In a previous post I looked at the size of the catalytic converter recycling market globally, in terms of both the amount of precious metal recovered and their cash value.
To save you the hassle of reading that post again, the key takeaways were:
- The total Pt + Pd + Rh recovered globally from scrap cats is about 8 million ounces
- With a value of about $2.4 billion / £1.9 billion / €3 billion, annually.
Many may agree that catalytic converter recycling is a reasonably sized global market, and in this post I zoom in a bit to have a look at the market in Europe and Great Britain as it was in 2014, which is the latest data available.
This time I will keep it brief, though again the important info to consider for catalytic converter recycling are the number of vehicles on the road, the number of end-of-life-vehicles (ELVs) scrapped per year, and the amounts of precious metals recovered.
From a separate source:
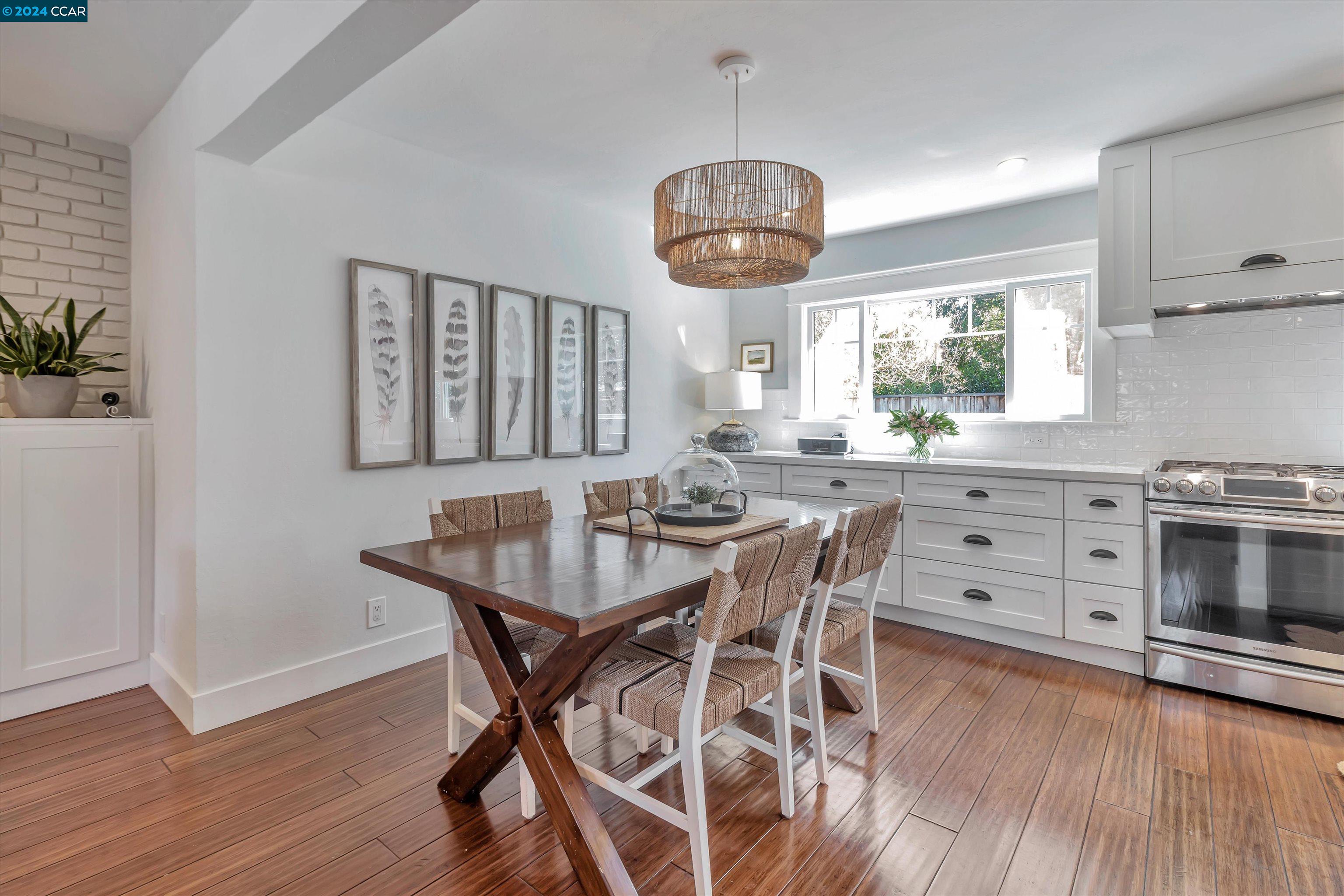 125 Whitethorne Dr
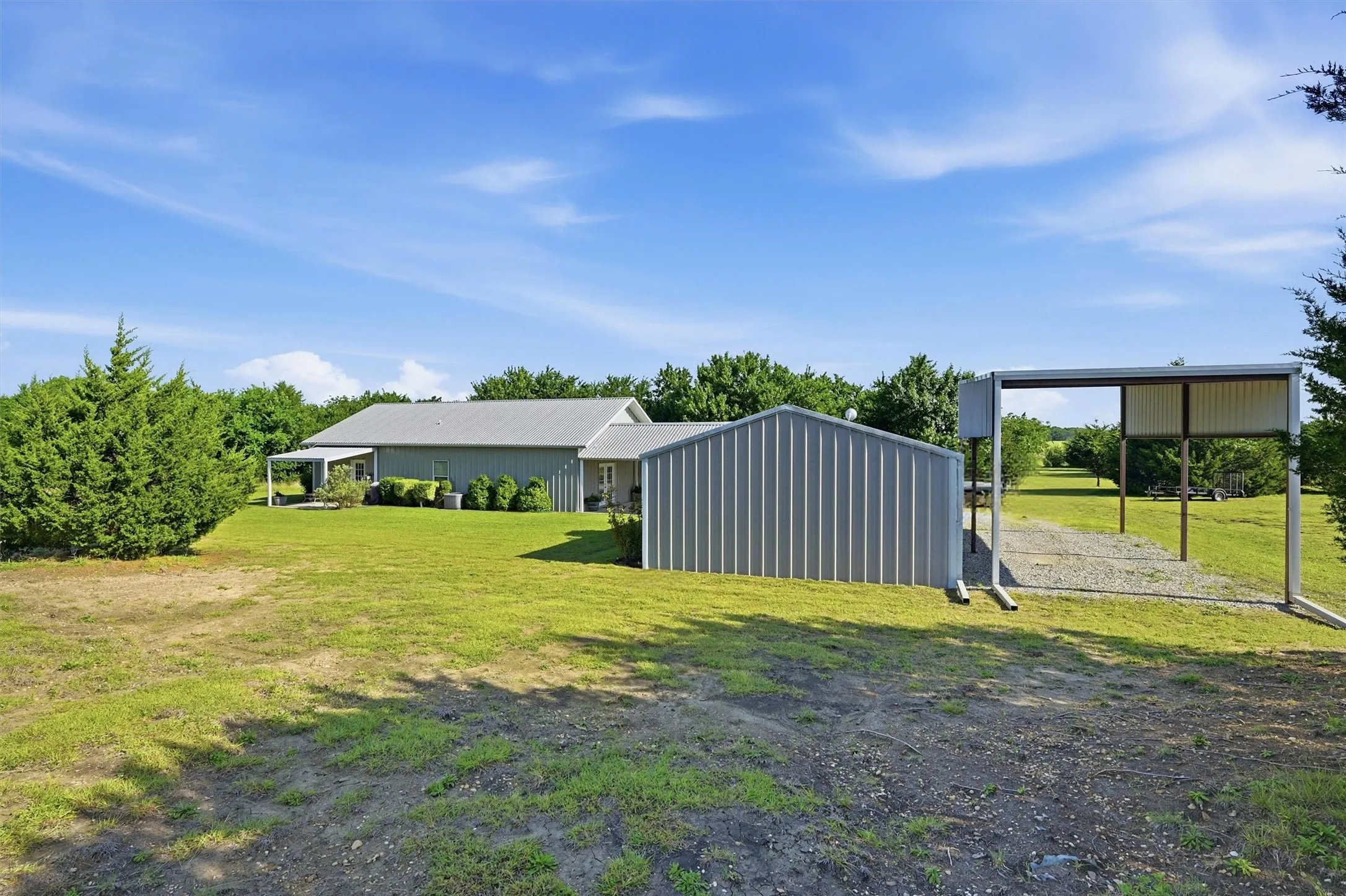Single Family Residence For Sale in Collin County , 15656 State Highway 78 N, Blue Ridge, Texas 75424, 3 Bedroom, 2 Bathroom, 2 Garage spaces, 1,500 Sqft, built in 2015, mls#21266735, Real Estate Agent in Blue Ridge, Homes For Sale in Collin county, Homes For Sale in Blue Ridge, Realtor in Blue Ridge Texas, Real Estate Brokerage Independent Realty Texas, Luminita Cordes Realtor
So let’s kick off with number of vehicles on the road.
Germany takes top spot with close on 48 million vehicles on the road, followed Italy, France and the UK on around 37,000,000. You can see the rest on the graph below. Total vehicles on the road in the EU (+UK): about 295 million, which is a touch more than in the States.
So, lots of vehicles (and therefore cats) on the road. That’s great to know for some time in the future catalytic converter recycling, but that doesn’t do us much good for now; the average wait until end-of-life in the EU is somewhere between about 7 and 11 years, depending where you are.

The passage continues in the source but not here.